DEEP AUTUMN FLOWERS: PROGRAM

Ghosts of Tom Paine: Decadal Review of Bush v. Gore (2000) [Post of Dec. 12, 2010]
INITIAL POSTS (June 2010):
Immoral Maxims of An Unjust Judge: Rhetorical Repartees and Constitutional Arguments Discrediting and Refuting Both the Quips and Substance of Antonin Scalia's Legal Opinions. Several Components: Maxims & Repartees; Appendices; References
ADDITIONAL POSTS
Spiritual Intersections: Nietzsche's Aphorisms and Jesus Words (August 2010)
Henry Clay (Oct 2010)
PLANNED POSTS:
Essays on Distinctions and Tensions between literal, parablefull, metaphorical and mythological religious language



OCCASIONAL POSTS"
Book Reviews (Supreme Court; Friedrich Nietzsche…)




Sunday, June 27, 2010

Immoral Maxim #7: Freedom of Speech & $talk

Maxim #7: Freedom of Speech, Corporate Rights, Obscenity, and the Power of Money.

From Amendment I: “Congress shall make no law ... abridging the freedom of speech, or of the press...” (1789)

“...To eliminate voluntary associations [e.g., corporations] - not only including powerful ones, but especially including powerful ones - from the public debate is either to augment the always dominant power of government or to impoverish the public debate.” Antonin Scalia in Austin v. Michigan Chamber of Commerce (1990).

“Money doesn’t talk, it swears!” (Bob Dylan)

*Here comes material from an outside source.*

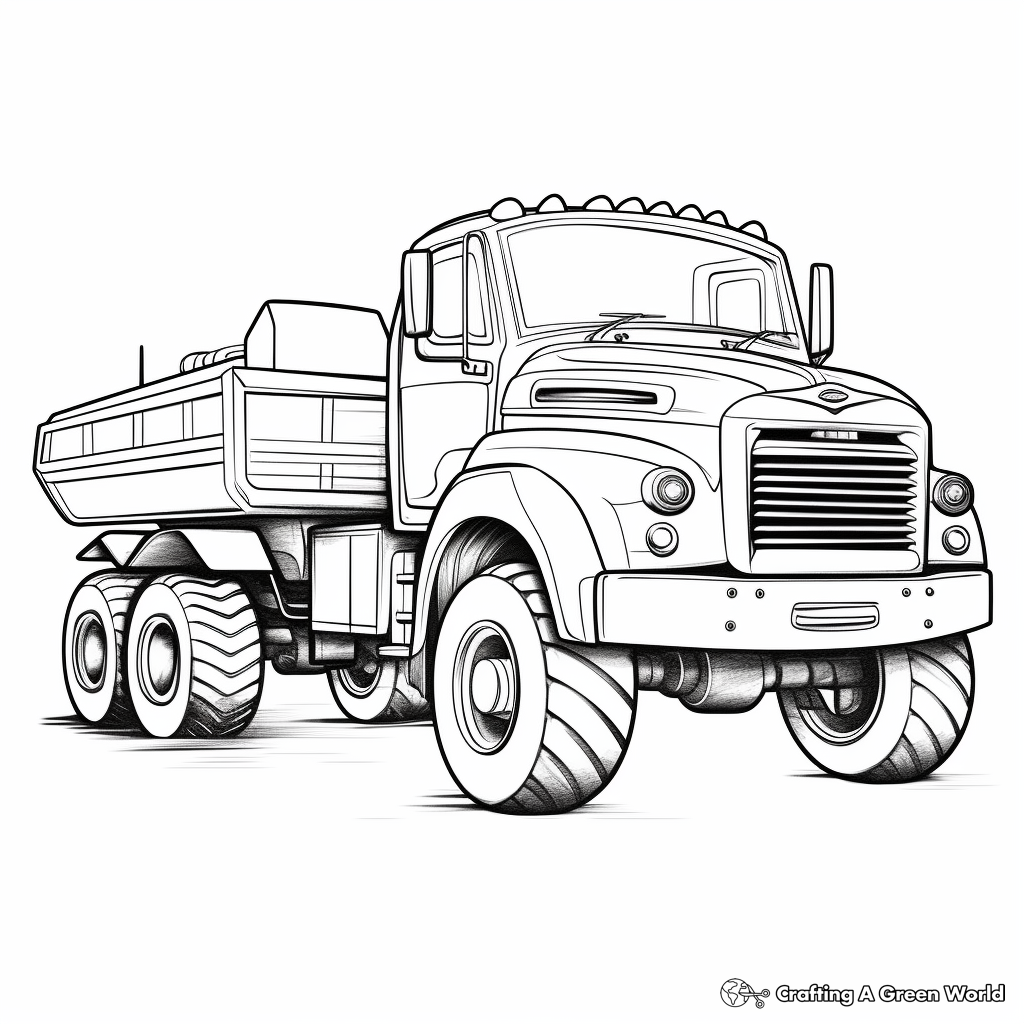Large and Small Snow Plow Trucks Coloring Pages 2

Also in Austin, Antonin Scalia contends that the corrosive and distorting effects of immense aggregations of wealth [i.e., corporations] upon the political debate is “poetic metaphor.” I can almost hear John C. Calhoun describing abolitionist literature criticizing the whip and the lash of slavery as ‘poetic metaphor’ undermining the civilizing effects of Christianity. [LCHj]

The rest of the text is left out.